▶ _To do_: In the data below, find the line with "Diamond Place, Ban Don Muang" and the line with "Piazza Eleonora v", then restate both and every line between them exactly, minus the pictures.

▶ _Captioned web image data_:
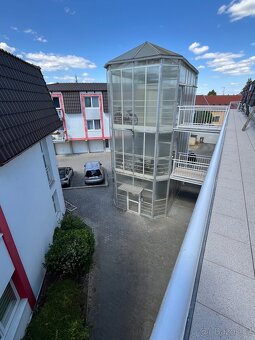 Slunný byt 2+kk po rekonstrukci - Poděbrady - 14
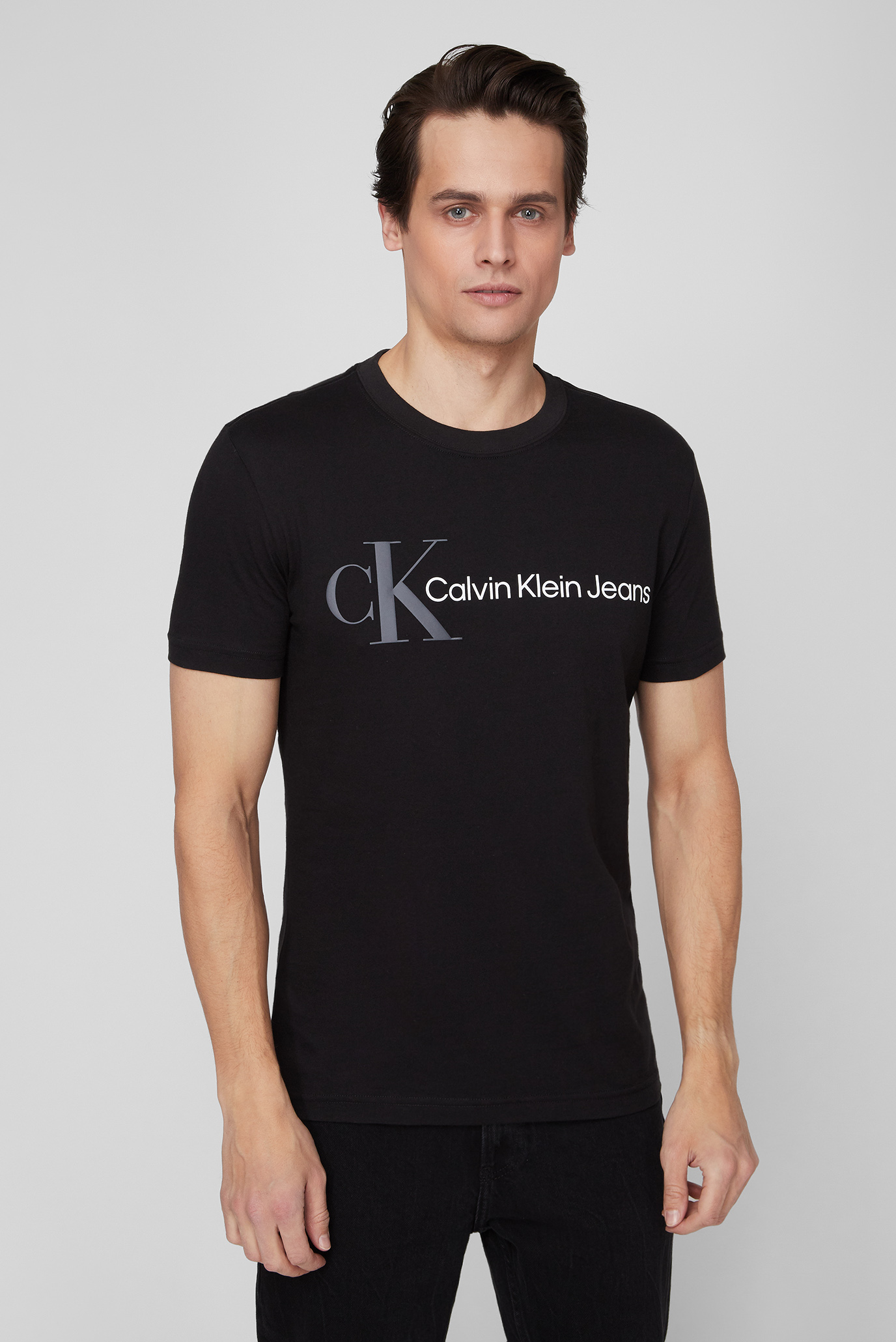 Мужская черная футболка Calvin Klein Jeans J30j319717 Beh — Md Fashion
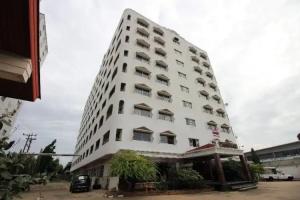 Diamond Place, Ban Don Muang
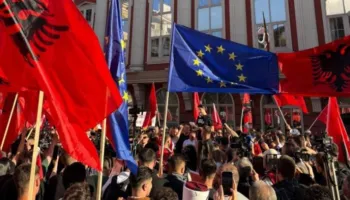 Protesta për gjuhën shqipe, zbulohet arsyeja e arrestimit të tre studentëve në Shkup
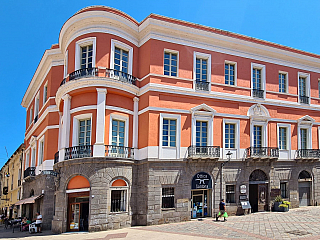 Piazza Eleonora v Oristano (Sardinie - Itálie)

---

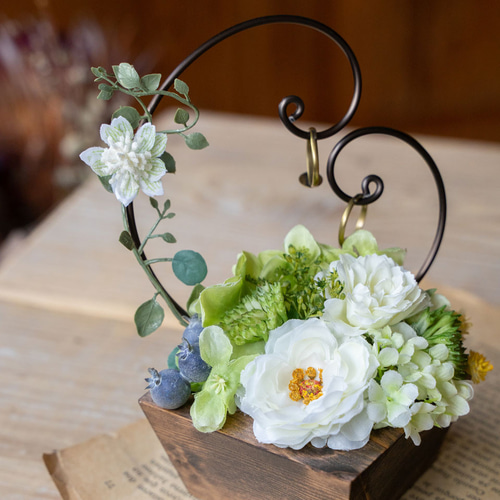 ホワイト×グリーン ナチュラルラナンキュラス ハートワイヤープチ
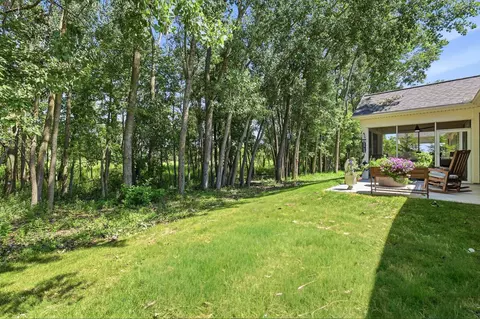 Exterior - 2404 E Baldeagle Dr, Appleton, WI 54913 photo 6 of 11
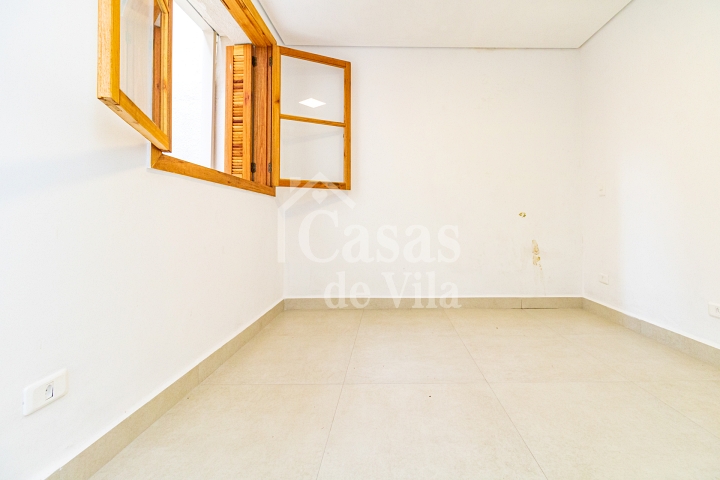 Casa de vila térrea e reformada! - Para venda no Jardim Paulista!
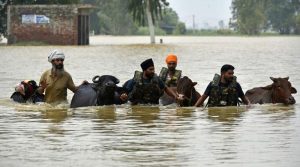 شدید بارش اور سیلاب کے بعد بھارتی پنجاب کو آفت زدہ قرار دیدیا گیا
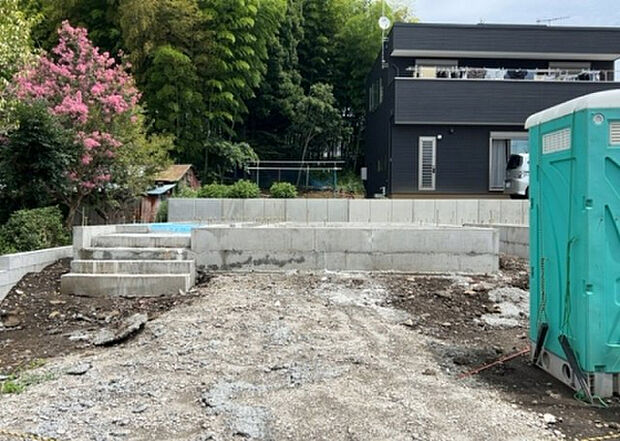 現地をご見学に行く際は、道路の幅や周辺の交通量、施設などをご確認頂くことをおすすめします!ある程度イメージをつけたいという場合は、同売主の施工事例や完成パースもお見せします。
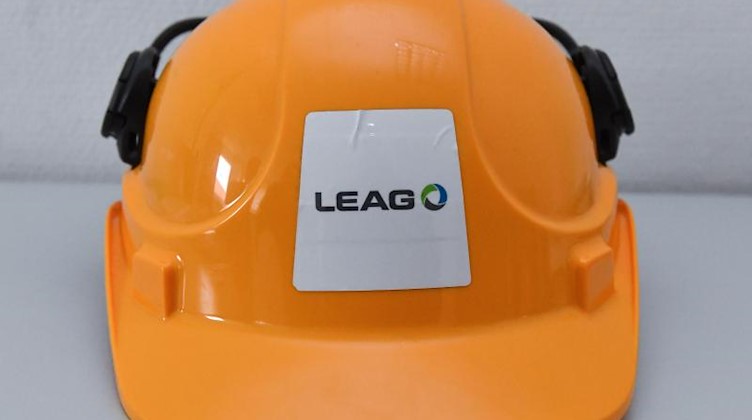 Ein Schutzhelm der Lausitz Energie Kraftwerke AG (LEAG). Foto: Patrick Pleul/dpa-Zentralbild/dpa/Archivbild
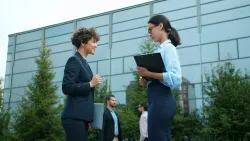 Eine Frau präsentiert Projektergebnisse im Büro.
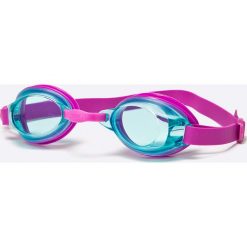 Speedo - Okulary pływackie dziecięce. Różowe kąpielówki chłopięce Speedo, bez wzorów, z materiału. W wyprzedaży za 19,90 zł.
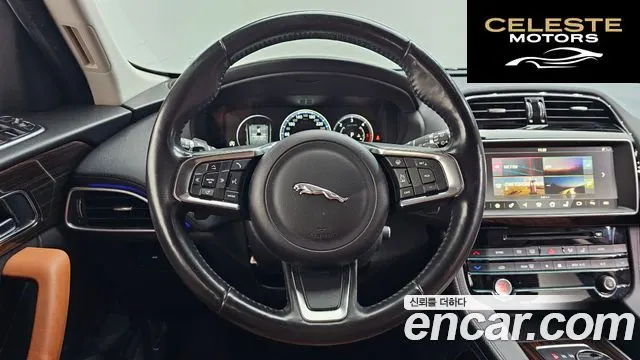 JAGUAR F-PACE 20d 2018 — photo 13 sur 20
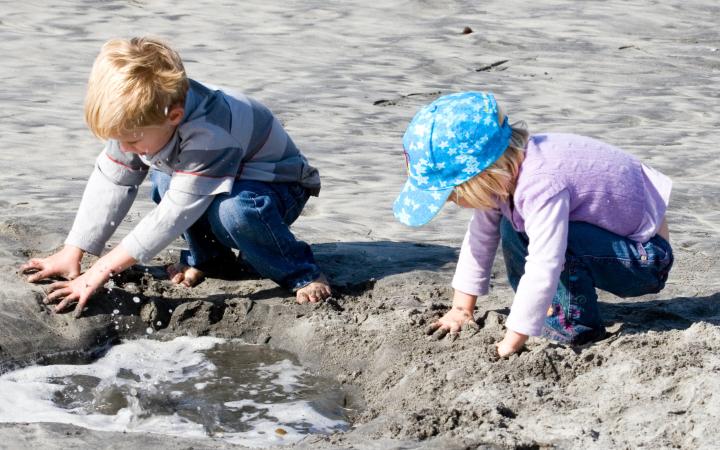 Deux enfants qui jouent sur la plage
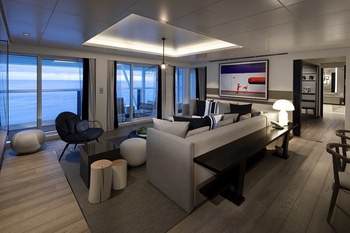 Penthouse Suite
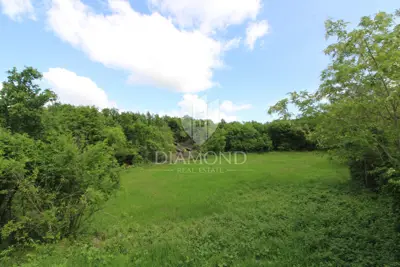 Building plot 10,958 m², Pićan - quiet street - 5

▶ _Task answer_:
 Diamond Place, Ban Don Muang
 Protesta për gjuhën shqipe, zbulohet arsyeja e arrestimit të tre studentëve në Shkup
 Piazza Eleonora v Oristano (Sardinie - Itálie)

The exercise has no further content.